## PROBLEM
Exactly the lines from the one containing "LOST BOYS SANDBLASTED" through the final line of the data below, with pictures omitted, make up the answer.

RAW DATA section start

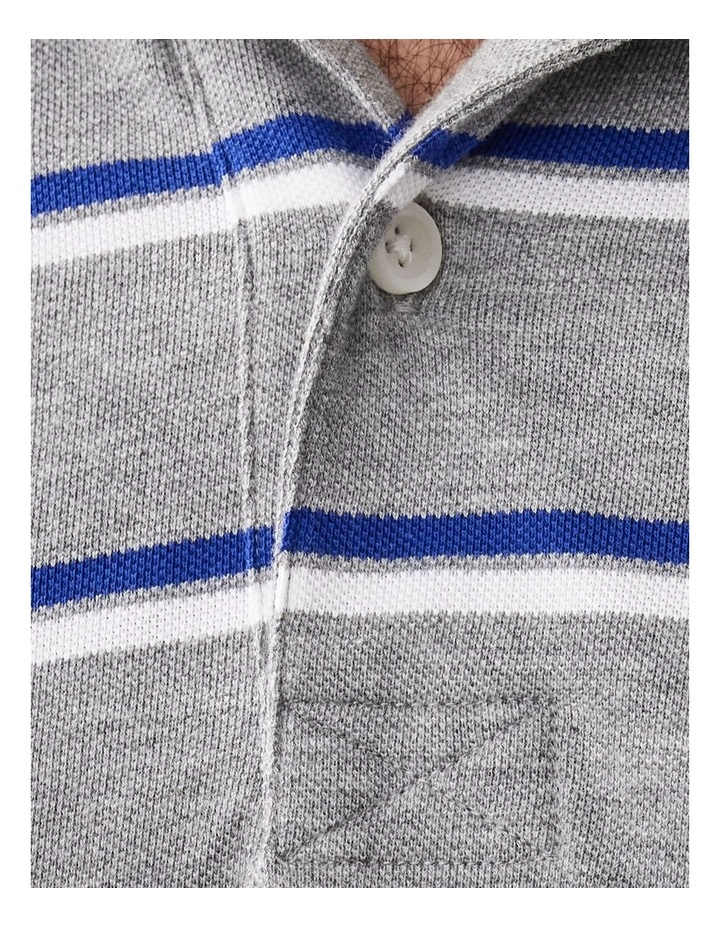 Stripe Polo Shirt in Grey Marle image 4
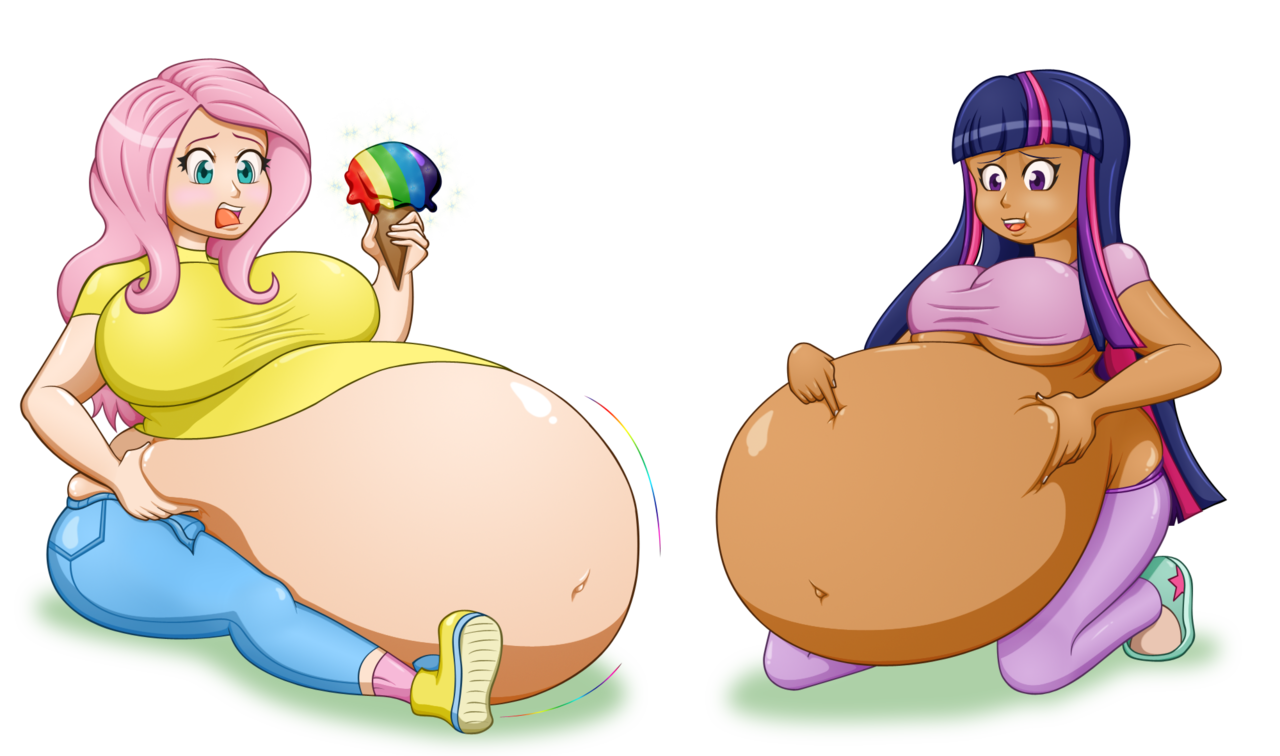 belly, big belly, bloated, breasts, busty fluttershy, busty twilight sparkl...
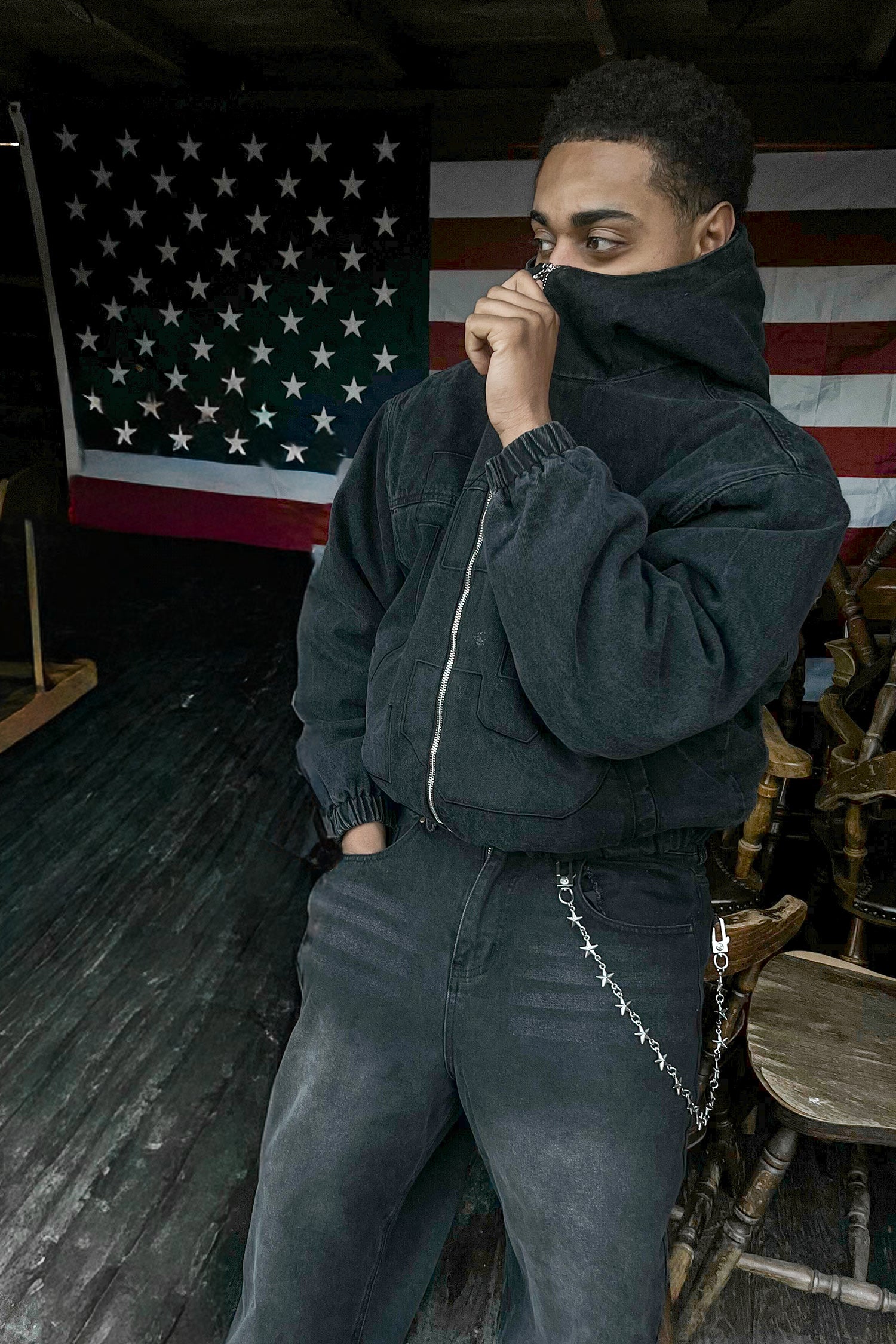 LOST BOYS SANDBLASTED THIRTEEN DENIM JACKET Jacket Washed Black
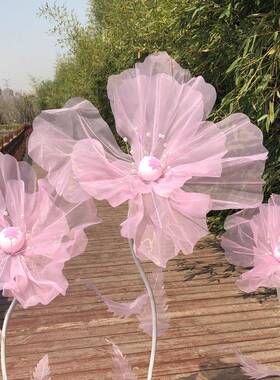 庆路KJZ引婚礼舞台布置装婚花饰橱窗摆件丝纱花成品结婚丝网网花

RAW DATA section end

## EXPECTED OUTPUT
 LOST BOYS SANDBLASTED THIRTEEN DENIM JACKET Jacket Washed Black
 庆路KJZ引婚礼舞台布置装婚花饰橱窗摆件丝纱花成品结婚丝网网花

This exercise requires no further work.